- _Work instruction_
Give every line of the material again, exactly as written.

*** Begin section ***

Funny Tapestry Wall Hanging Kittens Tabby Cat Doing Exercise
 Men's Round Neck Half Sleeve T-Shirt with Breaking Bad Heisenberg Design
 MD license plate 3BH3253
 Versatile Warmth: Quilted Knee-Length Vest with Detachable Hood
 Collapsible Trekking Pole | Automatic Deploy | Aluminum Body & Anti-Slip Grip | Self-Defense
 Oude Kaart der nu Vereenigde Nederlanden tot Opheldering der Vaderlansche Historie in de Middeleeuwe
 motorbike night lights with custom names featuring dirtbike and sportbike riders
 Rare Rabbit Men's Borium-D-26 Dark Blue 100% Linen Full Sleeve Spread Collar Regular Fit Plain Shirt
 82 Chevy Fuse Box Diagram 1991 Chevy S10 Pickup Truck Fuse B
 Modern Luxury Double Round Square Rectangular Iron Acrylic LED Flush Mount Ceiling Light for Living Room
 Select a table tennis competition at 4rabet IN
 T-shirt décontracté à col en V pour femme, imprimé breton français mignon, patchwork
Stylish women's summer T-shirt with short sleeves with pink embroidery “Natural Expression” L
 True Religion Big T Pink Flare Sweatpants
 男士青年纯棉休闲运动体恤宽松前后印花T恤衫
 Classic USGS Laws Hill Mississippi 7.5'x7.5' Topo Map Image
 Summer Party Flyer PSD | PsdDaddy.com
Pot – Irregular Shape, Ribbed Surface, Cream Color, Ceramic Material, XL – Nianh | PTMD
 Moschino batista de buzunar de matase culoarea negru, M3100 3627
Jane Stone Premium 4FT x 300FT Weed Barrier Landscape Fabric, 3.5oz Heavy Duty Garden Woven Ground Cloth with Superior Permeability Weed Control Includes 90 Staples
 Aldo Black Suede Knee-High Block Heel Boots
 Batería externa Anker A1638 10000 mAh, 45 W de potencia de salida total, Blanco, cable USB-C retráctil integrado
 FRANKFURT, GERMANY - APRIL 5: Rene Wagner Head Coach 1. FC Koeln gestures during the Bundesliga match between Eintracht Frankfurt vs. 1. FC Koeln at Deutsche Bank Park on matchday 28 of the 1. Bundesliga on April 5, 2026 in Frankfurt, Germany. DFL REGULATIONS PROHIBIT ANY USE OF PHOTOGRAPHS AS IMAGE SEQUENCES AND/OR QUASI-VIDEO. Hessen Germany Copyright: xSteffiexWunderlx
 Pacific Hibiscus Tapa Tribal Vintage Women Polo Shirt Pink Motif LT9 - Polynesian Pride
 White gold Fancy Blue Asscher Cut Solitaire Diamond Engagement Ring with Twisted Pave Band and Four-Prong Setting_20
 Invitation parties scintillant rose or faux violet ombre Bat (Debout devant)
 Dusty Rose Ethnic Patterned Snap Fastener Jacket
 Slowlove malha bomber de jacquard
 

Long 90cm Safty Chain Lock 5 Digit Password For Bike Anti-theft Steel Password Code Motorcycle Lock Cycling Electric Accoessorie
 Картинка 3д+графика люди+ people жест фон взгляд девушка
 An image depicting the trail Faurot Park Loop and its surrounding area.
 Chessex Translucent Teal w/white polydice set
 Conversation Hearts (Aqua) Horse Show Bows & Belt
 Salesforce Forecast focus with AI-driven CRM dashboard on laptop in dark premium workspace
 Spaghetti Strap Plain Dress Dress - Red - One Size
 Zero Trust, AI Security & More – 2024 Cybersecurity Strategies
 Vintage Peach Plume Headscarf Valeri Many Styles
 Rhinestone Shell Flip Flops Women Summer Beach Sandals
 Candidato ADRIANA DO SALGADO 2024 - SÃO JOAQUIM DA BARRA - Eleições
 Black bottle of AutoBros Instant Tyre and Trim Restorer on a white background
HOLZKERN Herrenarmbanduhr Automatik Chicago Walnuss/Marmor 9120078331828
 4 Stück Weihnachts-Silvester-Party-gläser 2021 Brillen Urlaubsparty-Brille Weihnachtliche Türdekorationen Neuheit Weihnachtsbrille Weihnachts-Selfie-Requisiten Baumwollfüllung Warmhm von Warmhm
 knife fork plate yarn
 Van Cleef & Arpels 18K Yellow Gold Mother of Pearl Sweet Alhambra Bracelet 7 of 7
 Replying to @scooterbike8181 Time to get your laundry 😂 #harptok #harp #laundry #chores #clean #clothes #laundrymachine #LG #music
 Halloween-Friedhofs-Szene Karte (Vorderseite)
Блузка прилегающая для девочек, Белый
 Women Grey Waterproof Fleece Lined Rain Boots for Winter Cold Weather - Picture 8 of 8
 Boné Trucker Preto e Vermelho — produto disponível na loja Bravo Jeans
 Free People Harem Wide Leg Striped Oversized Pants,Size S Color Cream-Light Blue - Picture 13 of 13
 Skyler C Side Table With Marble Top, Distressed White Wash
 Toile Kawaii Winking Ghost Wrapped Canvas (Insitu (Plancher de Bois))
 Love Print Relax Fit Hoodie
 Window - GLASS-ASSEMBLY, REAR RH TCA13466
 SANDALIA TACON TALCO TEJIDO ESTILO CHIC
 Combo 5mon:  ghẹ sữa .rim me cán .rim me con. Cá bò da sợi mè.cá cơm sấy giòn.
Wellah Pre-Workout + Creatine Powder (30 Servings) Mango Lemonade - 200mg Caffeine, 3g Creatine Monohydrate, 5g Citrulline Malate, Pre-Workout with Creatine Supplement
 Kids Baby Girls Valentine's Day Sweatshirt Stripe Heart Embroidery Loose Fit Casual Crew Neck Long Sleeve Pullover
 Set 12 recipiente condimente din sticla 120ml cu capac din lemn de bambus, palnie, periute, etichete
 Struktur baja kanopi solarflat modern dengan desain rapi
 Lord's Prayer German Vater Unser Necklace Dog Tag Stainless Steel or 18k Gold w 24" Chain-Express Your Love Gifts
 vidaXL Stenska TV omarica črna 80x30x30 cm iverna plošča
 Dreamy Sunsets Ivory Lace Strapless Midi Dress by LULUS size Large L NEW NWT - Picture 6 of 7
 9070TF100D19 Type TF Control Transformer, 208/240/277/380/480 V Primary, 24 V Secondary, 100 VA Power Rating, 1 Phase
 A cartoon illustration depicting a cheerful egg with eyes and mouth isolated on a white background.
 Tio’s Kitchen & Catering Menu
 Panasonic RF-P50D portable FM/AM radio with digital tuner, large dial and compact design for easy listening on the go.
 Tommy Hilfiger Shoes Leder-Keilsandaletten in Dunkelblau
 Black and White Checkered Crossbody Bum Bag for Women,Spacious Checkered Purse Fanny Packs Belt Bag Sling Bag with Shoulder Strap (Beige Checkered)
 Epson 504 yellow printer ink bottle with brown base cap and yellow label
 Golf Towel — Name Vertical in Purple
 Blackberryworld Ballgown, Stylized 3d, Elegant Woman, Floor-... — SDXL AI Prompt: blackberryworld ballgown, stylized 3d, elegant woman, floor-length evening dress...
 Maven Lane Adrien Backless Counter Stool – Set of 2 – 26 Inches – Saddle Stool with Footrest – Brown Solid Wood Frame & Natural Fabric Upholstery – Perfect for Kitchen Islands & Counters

*** End section ***

- _Task answer_
Funny Tapestry Wall Hanging Kittens Tabby Cat Doing Exercise
 Men's Round Neck Half Sleeve T-Shirt with Breaking Bad Heisenberg Design
 MD license plate 3BH3253
 Versatile Warmth: Quilted Knee-Length Vest with Detachable Hood
 Collapsible Trekking Pole | Automatic Deploy | Aluminum Body & Anti-Slip Grip | Self-Defense
 Oude Kaart der nu Vereenigde Nederlanden tot Opheldering der Vaderlansche Historie in de Middeleeuwe
 motorbike night lights with custom names featuring dirtbike and sportbike riders
 Rare Rabbit Men's Borium-D-26 Dark Blue 100% Linen Full Sleeve Spread Collar Regular Fit Plain Shirt
 82 Chevy Fuse Box Diagram 1991 Chevy S10 Pickup Truck Fuse B
 Modern Luxury Double Round Square Rectangular Iron Acrylic LED Flush Mount Ceiling Light for Living Room
 Select a table tennis competition at 4rabet IN
 T-shirt décontracté à col en V pour femme, imprimé breton français mignon, patchwork
Stylish women's summer T-shirt with short sleeves with pink embroidery “Natural Expression” L
 True Religion Big T Pink Flare Sweatpants
 男士青年纯棉休闲运动体恤宽松前后印花T恤衫
 Classic USGS Laws Hill Mississippi 7.5'x7.5' Topo Map Image
 Summer Party Flyer PSD | PsdDaddy.com
Pot – Irregular Shape, Ribbed Surface, Cream Color, Ceramic Material, XL – Nianh | PTMD
 Moschino batista de buzunar de matase culoarea negru, M3100 3627
Jane Stone Premium 4FT x 300FT Weed Barrier Landscape Fabric, 3.5oz Heavy Duty Garden Woven Ground Cloth with Superior Permeability Weed Control Includes 90 Staples
 Aldo Black Suede Knee-High Block Heel Boots
 Batería externa Anker A1638 10000 mAh, 45 W de potencia de salida total, Blanco, cable USB-C retráctil integrado
 FRANKFURT, GERMANY - APRIL 5: Rene Wagner Head Coach 1. FC Koeln gestures during the Bundesliga match between Eintracht Frankfurt vs. 1. FC Koeln at Deutsche Bank Park on matchday 28 of the 1. Bundesliga on April 5, 2026 in Frankfurt, Germany. DFL REGULATIONS PROHIBIT ANY USE OF PHOTOGRAPHS AS IMAGE SEQUENCES AND/OR QUASI-VIDEO. Hessen Germany Copyright: xSteffiexWunderlx
 Pacific Hibiscus Tapa Tribal Vintage Women Polo Shirt Pink Motif LT9 - Polynesian Pride
 White gold Fancy Blue Asscher Cut Solitaire Diamond Engagement Ring with Twisted Pave Band and Four-Prong Setting_20
 Invitation parties scintillant rose or faux violet ombre Bat (Debout devant)
 Dusty Rose Ethnic Patterned Snap Fastener Jacket
 Slowlove malha bomber de jacquard
 

Long 90cm Safty Chain Lock 5 Digit Password For Bike Anti-theft Steel Password Code Motorcycle Lock Cycling Electric Accoessorie
 Картинка 3д+графика люди+ people жест фон взгляд девушка
 An image depicting the trail Faurot Park Loop and its surrounding area.
 Chessex Translucent Teal w/white polydice set
 Conversation Hearts (Aqua) Horse Show Bows & Belt
 Salesforce Forecast focus with AI-driven CRM dashboard on laptop in dark premium workspace
 Spaghetti Strap Plain Dress Dress - Red - One Size
 Zero Trust, AI Security & More – 2024 Cybersecurity Strategies
 Vintage Peach Plume Headscarf Valeri Many Styles
 Rhinestone Shell Flip Flops Women Summer Beach Sandals
 Candidato ADRIANA DO SALGADO 2024 - SÃO JOAQUIM DA BARRA - Eleições
 Black bottle of AutoBros Instant Tyre and Trim Restorer on a white background
HOLZKERN Herrenarmbanduhr Automatik Chicago Walnuss/Marmor 9120078331828
 4 Stück Weihnachts-Silvester-Party-gläser 2021 Brillen Urlaubsparty-Brille Weihnachtliche Türdekorationen Neuheit Weihnachtsbrille Weihnachts-Selfie-Requisiten Baumwollfüllung Warmhm von Warmhm
 knife fork plate yarn
 Van Cleef & Arpels 18K Yellow Gold Mother of Pearl Sweet Alhambra Bracelet 7 of 7
 Replying to @scooterbike8181 Time to get your laundry 😂 #harptok #harp #laundry #chores #clean #clothes #laundrymachine #LG #music
 Halloween-Friedhofs-Szene Karte (Vorderseite)
Блузка прилегающая для девочек, Белый
 Women Grey Waterproof Fleece Lined Rain Boots for Winter Cold Weather - Picture 8 of 8
 Boné Trucker Preto e Vermelho — produto disponível na loja Bravo Jeans
 Free People Harem Wide Leg Striped Oversized Pants,Size S Color Cream-Light Blue - Picture 13 of 13
 Skyler C Side Table With Marble Top, Distressed White Wash
 Toile Kawaii Winking Ghost Wrapped Canvas (Insitu (Plancher de Bois))
 Love Print Relax Fit Hoodie
 Window - GLASS-ASSEMBLY, REAR RH TCA13466
 SANDALIA TACON TALCO TEJIDO ESTILO CHIC
 Combo 5mon:  ghẹ sữa .rim me cán .rim me con. Cá bò da sợi mè.cá cơm sấy giòn.
Wellah Pre-Workout + Creatine Powder (30 Servings) Mango Lemonade - 200mg Caffeine, 3g Creatine Monohydrate, 5g Citrulline Malate, Pre-Workout with Creatine Supplement
 Kids Baby Girls Valentine's Day Sweatshirt Stripe Heart Embroidery Loose Fit Casual Crew Neck Long Sleeve Pullover
 Set 12 recipiente condimente din sticla 120ml cu capac din lemn de bambus, palnie, periute, etichete
 Struktur baja kanopi solarflat modern dengan desain rapi
 Lord's Prayer German Vater Unser Necklace Dog Tag Stainless Steel or 18k Gold w 24" Chain-Express Your Love Gifts
 vidaXL Stenska TV omarica črna 80x30x30 cm iverna plošča
 Dreamy Sunsets Ivory Lace Strapless Midi Dress by LULUS size Large L NEW NWT - Picture 6 of 7
 9070TF100D19 Type TF Control Transformer, 208/240/277/380/480 V Primary, 24 V Secondary, 100 VA Power Rating, 1 Phase
 A cartoon illustration depicting a cheerful egg with eyes and mouth isolated on a white background.
 Tio’s Kitchen & Catering Menu
 Panasonic RF-P50D portable FM/AM radio with digital tuner, large dial and compact design for easy listening on the go.
 Tommy Hilfiger Shoes Leder-Keilsandaletten in Dunkelblau
 Black and White Checkered Crossbody Bum Bag for Women,Spacious Checkered Purse Fanny Packs Belt Bag Sling Bag with Shoulder Strap (Beige Checkered)
 Epson 504 yellow printer ink bottle with brown base cap and yellow label
 Golf Towel — Name Vertical in Purple
 Blackberryworld Ballgown, Stylized 3d, Elegant Woman, Floor-... — SDXL AI Prompt: blackberryworld ballgown, stylized 3d, elegant woman, floor-length evening dress...
 Maven Lane Adrien Backless Counter Stool – Set of 2 – 26 Inches – Saddle Stool with Footrest – Brown Solid Wood Frame & Natural Fabric Upholstery – Perfect for Kitchen Islands & Counters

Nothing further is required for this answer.